Some 83% of teenagers admit their sleep is affected by worry and stress over exams with 18% saying they struggle to fall asleep, 28% waking up more frequently, 28% waking earlier and 10% affected by all three symptoms.
More than a third (34%) say they revise for 8 -10 hours a week while more than one in 10 (11%) spend in excess of 14 hours a week doing so. A spokeswoman commented: “The next few weeks will see teenagers across Britain studying for school exams and while we are aware that the exam period itself has a major impact on sleeping habits, we wanted to take a closer look at the effect the revision run-up period has on sleep.Our research shows that a worryingly high number of teenagers are not getting as much sleep as they need to function and perform at their best in the build up to exams. They are sacrificing sleep to study when in fact they might be more mentally alert cramming in extra sleep rather than more revision”.
Academic research studies have backed up this point. For example, this one looking at the effects of sleep deprivation on cognitive and physical performance in university students.
Many experts believe technology is responsible for sleep deficits in at least 70% of adolescents in the UK. Adolescents will go online to entertain themselves, connect via social media and play games or chat with their equally-awake friends. The bright screens of phones and gadgets disturb the circadian rhythms that regulate the sleep cycle and lead to emotional and cognitive arousal.
It has also been suggested that teenage girls are more at risk of losing out on precious sleep because of the ‘fear of missing out’ (FOMO) factor. Girls do not want to turn off their phones at night lest they miss that ‘all-important’ update from a friend, an invite to a party or reactions to their social media post. Girls also face more peer pressure to stay connected at night as many would rather arrive at school tired and drowsy than be rebuked by friends for being the only one in the group not texting.
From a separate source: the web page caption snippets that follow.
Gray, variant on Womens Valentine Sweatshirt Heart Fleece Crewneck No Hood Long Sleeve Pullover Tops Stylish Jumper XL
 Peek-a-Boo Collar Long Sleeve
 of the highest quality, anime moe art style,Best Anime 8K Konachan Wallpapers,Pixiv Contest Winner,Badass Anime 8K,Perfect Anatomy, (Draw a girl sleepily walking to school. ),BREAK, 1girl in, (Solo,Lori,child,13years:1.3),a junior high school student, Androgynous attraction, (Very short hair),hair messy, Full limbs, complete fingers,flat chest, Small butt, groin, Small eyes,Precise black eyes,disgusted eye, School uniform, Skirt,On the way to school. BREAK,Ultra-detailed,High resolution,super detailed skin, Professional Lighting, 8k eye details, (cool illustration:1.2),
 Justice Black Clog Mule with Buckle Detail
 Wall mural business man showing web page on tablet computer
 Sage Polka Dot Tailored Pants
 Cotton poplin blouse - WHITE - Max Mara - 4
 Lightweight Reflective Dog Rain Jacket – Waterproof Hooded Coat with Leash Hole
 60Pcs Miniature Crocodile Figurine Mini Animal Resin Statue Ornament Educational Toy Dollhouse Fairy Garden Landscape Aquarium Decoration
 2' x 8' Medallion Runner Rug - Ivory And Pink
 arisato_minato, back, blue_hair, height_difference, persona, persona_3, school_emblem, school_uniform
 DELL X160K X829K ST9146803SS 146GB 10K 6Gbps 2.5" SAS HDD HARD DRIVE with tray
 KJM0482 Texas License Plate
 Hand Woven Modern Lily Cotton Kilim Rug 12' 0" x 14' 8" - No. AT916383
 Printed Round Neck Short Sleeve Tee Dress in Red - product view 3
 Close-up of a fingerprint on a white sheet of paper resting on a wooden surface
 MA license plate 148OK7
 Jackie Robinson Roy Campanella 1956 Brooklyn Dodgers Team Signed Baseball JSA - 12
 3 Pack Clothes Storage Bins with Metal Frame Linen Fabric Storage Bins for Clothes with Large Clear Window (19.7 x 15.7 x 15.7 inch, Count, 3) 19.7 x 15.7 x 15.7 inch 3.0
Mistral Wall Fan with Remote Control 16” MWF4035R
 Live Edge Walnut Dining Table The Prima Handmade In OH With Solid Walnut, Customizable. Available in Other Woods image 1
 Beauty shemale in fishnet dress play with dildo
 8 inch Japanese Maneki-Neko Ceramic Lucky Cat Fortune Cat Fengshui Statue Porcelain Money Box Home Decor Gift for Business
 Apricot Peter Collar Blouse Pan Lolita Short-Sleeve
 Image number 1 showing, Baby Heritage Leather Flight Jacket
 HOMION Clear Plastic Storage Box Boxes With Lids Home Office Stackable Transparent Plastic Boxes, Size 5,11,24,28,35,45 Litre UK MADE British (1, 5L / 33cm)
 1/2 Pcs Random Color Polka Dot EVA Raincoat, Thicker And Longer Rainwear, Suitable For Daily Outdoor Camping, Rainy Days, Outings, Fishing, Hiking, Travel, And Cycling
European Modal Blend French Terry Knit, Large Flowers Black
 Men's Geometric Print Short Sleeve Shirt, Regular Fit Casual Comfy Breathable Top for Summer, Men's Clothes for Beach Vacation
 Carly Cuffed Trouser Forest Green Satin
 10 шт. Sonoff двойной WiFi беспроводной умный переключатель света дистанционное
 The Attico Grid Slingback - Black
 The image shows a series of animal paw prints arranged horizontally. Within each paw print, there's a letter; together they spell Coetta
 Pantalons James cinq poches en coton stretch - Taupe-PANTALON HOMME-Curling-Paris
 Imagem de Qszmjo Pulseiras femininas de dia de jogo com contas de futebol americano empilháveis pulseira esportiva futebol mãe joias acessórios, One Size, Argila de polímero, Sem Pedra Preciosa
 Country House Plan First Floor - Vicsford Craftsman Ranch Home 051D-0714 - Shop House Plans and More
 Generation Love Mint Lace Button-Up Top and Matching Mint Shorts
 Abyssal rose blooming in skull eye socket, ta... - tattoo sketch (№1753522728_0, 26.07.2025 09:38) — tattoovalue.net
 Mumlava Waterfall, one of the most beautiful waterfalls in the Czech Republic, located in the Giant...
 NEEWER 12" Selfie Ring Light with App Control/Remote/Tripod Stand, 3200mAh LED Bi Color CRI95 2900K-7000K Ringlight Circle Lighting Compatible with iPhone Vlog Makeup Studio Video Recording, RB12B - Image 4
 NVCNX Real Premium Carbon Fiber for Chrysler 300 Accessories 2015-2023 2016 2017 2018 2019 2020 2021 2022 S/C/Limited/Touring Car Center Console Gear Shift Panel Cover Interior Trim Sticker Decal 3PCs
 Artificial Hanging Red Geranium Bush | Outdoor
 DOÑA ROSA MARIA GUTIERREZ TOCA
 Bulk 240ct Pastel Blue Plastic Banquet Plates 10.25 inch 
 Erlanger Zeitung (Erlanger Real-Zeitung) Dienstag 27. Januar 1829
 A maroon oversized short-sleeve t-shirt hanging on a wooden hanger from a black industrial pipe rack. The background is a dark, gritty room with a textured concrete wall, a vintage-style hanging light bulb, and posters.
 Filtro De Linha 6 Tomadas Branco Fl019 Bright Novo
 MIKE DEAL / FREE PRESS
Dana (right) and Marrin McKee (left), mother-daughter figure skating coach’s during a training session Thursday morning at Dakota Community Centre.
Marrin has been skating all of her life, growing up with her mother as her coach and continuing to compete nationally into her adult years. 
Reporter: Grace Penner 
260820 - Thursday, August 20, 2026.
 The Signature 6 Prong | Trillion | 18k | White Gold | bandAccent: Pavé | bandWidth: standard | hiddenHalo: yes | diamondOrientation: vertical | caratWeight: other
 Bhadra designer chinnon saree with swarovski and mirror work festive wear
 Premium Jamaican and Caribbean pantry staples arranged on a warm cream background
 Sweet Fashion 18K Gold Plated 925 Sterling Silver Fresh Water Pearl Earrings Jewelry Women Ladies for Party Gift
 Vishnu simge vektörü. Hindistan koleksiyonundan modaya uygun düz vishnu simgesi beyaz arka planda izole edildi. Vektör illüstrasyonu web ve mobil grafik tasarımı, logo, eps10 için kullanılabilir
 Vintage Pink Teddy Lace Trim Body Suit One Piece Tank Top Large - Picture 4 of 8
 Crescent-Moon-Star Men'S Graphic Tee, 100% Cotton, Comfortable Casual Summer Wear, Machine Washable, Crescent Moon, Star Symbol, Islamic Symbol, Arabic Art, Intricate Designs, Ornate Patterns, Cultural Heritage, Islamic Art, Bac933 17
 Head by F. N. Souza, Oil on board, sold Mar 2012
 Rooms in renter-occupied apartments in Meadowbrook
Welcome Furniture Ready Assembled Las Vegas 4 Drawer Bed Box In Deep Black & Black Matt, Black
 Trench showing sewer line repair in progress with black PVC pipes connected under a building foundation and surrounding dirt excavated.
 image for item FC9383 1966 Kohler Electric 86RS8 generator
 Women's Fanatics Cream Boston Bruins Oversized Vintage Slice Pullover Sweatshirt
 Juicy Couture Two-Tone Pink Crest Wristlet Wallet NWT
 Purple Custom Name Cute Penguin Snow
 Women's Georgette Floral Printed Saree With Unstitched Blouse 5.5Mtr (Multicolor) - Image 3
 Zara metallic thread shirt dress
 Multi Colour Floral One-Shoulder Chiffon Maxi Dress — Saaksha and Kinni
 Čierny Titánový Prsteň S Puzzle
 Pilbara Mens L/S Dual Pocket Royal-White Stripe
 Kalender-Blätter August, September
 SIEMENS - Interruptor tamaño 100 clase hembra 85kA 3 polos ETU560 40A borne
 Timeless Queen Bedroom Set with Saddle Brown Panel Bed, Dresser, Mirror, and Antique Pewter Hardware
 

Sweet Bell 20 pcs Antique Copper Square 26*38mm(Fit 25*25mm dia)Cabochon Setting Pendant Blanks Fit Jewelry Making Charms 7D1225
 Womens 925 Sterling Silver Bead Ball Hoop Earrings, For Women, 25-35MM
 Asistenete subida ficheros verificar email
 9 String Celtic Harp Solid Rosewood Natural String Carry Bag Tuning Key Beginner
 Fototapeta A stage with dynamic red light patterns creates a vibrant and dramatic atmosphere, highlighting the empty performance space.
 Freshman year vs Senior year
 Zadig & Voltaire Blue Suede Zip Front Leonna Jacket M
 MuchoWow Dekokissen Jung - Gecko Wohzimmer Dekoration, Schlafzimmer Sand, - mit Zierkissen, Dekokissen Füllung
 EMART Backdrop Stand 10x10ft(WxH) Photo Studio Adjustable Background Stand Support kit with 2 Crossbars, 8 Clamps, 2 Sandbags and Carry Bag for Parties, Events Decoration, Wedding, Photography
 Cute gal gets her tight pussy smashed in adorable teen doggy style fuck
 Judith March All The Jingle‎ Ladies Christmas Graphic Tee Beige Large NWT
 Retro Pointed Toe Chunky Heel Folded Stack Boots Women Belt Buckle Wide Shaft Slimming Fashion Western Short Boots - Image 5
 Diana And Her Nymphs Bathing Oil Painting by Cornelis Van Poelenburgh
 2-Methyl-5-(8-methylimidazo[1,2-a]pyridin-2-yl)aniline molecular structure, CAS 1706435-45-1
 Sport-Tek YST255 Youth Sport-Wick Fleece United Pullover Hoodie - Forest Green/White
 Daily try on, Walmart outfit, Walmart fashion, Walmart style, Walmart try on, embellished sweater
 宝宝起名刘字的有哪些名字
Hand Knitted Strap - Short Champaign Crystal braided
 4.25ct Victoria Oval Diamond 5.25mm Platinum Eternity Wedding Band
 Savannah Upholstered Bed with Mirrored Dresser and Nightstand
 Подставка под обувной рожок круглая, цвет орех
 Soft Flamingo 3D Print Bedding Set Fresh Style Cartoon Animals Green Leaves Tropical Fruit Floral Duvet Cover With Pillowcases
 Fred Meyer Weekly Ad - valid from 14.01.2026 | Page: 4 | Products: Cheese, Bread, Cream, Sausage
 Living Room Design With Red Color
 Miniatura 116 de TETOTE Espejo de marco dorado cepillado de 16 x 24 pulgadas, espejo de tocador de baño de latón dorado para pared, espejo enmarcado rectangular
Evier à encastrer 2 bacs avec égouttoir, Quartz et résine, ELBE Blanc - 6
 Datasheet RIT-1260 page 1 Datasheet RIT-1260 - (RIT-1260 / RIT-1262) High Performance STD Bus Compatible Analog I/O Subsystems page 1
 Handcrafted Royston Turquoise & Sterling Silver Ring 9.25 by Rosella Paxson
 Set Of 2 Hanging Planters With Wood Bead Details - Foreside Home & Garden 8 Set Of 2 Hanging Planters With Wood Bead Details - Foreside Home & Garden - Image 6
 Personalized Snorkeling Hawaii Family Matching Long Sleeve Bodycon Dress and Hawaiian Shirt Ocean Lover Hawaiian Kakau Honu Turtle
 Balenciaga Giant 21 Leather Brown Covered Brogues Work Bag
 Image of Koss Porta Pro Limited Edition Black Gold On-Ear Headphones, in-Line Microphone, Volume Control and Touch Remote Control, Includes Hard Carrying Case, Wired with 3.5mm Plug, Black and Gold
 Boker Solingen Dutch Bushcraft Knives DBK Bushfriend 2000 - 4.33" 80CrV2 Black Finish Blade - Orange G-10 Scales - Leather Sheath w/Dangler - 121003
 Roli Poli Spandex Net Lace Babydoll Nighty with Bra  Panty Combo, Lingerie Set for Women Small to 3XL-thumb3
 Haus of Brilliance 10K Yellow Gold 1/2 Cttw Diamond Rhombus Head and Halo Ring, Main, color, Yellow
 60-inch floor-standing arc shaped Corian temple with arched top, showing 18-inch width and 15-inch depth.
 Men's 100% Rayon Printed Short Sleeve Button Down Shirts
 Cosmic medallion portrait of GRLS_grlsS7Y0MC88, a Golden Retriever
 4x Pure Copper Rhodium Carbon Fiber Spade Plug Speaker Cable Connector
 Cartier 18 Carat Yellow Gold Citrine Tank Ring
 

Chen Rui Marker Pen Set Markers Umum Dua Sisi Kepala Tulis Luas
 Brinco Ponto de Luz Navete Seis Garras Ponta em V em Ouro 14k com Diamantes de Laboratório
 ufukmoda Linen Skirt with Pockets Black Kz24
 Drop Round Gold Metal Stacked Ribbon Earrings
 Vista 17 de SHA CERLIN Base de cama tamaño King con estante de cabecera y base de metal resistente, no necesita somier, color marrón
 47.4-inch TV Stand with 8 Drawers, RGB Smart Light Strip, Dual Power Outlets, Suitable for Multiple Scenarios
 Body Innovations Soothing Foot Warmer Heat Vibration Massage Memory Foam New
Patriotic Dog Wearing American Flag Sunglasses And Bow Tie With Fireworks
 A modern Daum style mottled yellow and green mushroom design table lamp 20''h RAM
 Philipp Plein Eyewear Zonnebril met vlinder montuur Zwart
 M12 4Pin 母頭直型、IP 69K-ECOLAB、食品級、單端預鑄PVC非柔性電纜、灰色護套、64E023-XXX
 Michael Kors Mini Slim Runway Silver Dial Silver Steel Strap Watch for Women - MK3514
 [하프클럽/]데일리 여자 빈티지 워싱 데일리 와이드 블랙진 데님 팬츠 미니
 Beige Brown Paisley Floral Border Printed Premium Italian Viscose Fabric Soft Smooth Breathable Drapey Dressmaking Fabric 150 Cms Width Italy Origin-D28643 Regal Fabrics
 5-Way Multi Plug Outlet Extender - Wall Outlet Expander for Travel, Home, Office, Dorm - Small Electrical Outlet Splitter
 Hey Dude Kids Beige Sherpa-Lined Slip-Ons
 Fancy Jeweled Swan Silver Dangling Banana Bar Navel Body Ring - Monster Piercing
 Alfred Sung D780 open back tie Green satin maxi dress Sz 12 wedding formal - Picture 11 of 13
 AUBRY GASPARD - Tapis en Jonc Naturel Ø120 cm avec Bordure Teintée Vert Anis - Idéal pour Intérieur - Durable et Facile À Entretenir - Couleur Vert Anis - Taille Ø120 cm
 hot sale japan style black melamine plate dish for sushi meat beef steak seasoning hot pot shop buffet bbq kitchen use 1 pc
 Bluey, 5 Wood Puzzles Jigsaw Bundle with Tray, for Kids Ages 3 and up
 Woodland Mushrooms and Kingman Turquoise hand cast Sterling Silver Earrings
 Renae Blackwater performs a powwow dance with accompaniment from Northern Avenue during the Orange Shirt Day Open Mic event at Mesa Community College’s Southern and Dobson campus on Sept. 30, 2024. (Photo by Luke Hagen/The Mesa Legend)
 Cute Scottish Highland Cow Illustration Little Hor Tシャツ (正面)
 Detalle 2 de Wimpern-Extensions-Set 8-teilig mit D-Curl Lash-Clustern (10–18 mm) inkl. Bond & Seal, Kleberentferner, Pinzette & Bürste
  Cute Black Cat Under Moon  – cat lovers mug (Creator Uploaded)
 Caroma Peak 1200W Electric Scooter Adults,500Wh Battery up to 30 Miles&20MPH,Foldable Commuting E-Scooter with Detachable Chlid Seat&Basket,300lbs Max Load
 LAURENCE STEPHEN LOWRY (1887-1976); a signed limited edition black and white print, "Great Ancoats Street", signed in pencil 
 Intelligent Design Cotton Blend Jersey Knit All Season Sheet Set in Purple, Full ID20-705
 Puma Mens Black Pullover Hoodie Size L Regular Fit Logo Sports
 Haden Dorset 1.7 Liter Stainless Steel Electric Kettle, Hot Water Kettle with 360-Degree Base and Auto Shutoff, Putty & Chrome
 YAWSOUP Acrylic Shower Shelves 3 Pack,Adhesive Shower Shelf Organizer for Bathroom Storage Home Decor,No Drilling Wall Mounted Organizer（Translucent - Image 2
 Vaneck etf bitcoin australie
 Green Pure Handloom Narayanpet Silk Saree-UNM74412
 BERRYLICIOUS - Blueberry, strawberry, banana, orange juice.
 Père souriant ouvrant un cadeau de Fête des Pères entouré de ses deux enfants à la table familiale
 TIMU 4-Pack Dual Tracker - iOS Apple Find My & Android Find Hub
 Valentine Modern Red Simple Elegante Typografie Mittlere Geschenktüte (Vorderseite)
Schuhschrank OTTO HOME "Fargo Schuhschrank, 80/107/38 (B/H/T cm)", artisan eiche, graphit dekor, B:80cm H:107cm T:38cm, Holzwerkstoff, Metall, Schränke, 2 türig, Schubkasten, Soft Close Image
For optimal brain function, we all (teenagers and adults) need to focus on better ‘sleep hygiene’: a disciplined schedule to promote better quality sleep and achieving the recommended hours of sleep every night. US writer and educator, Maggie Dent, provides useful ‘tips for better sleep’ in her book, Saving our Adolescents:
• Get plenty of sunshine and exercise every day
• Aim for eight to nine hours of sleep each night
• Drink calming teas like chamomile or warm milk-based drinks
• Create clear boundaries for technology use — keep mobile phones away from bedrooms and switched to silent overnight
• Use an alarm clock instead of a mobile phone
• Create a calm bedroom by removing clutter
• Create a pattern of sleep preparation, such as: shower, teeth, toilet, and bed
• Play calming music or relaxation audios
• Conduct a .b mindfulness practice
• Avoid TV and all screens (including phones) for at least one hour before bed
Pulling an ‘all-nighter’ before an important exam will not lead to a positive outcome. Sleep is precious. We need to see it not as something expendable, but as the cornerstone a balanced lifestyle. We should remember, as the chronically sleep-deprived Macbeth says, that sleep ‘knits up the ravelled sleeve of care’ and is ‘sore labour’s bath, balm of hurt minds, great nature’s second course, chief nourisher in life’s feast’.